Dataset section:
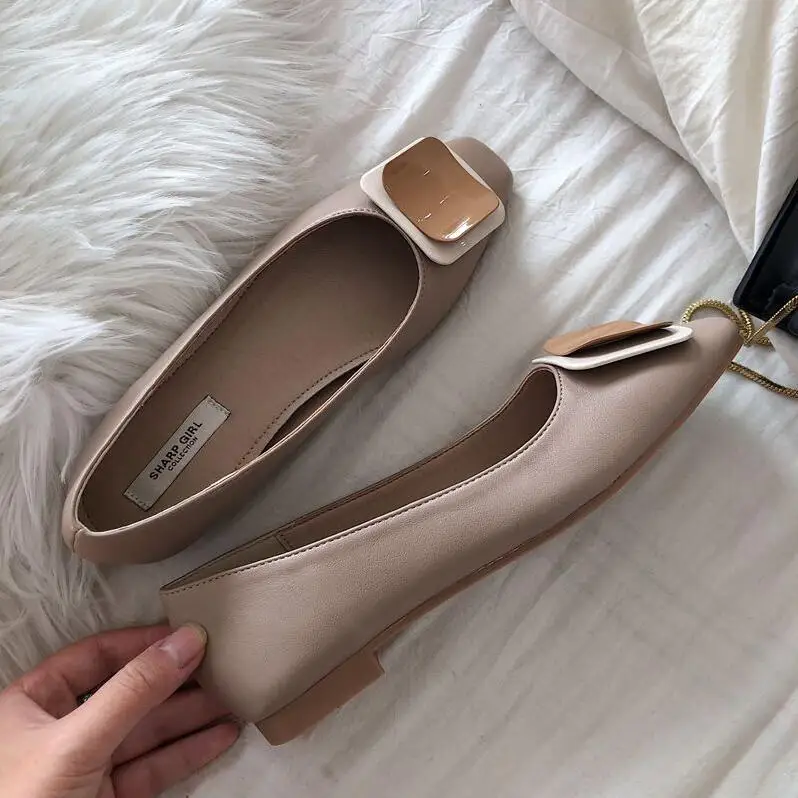 Femmes Couleur Tête Métal Mujer 2019 Ballet En Zapatos Carrée kaki Glissement Pu Appartements vert Printemps Plat Bonbons Sport Boucle De Nouveau Chaussures Apricot Sur Tw4qtY64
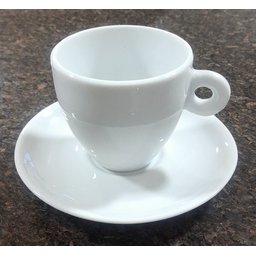 Kit Jogo 4 Xícaras Café, Chá 200ml Cônica com Pires - Porcelana Branca - 3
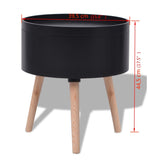 NNEVL Side Table with Serving Tray Round 39.5x44.5 cm Black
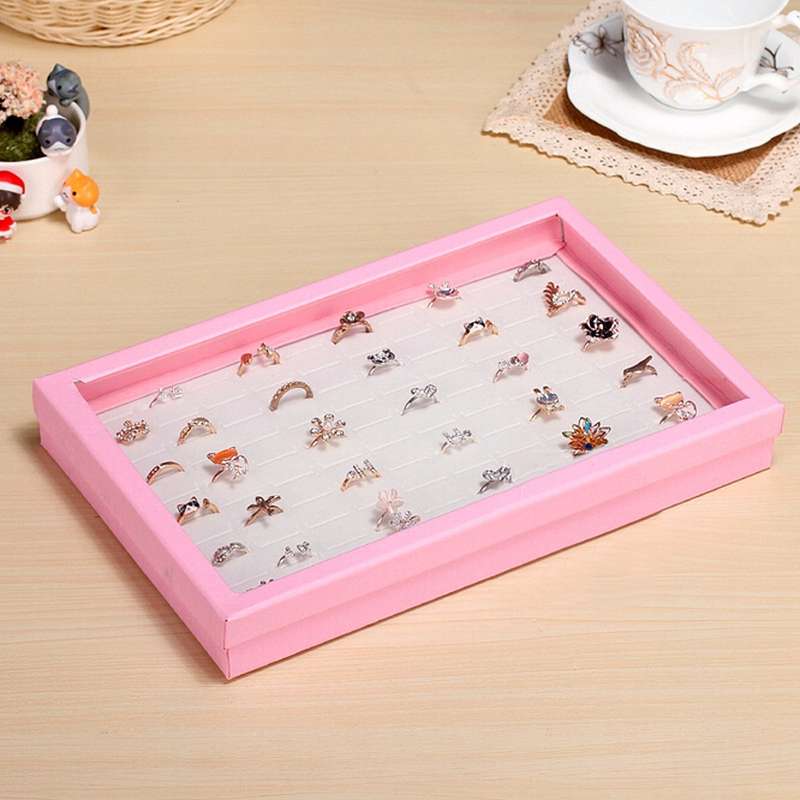 Colorful Ring Earring Jewelry Display Show Storage Box Case Holder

Goal of the exercise:
Starting at the line that contains "NNEVL Side Table", extract each line through the last line of the material exactly as written, and include no pictures.

Answer to this task:
 NNEVL Side Table with Serving Tray Round 39.5x44.5 cm Black
 Colorful Ring Earring Jewelry Display Show Storage Box Case Holder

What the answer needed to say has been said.